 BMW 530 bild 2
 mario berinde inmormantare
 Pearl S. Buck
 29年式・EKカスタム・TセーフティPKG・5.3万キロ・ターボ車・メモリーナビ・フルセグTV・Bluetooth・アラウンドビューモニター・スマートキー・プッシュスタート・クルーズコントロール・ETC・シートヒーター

◆ WHAT IS NEEDED ◆
Each line of the data needs to be repeated exactly.

◆ TASK SOLUTION ◆
 BMW 530 bild 2
 mario berinde inmormantare
 Pearl S. Buck
 29年式・EKカスタム・TセーフティPKG・5.3万キロ・ターボ車・メモリーナビ・フルセグTV・Bluetooth・アラウンドビューモニター・スマートキー・プッシュスタート・クルーズコントロール・ETC・シートヒーター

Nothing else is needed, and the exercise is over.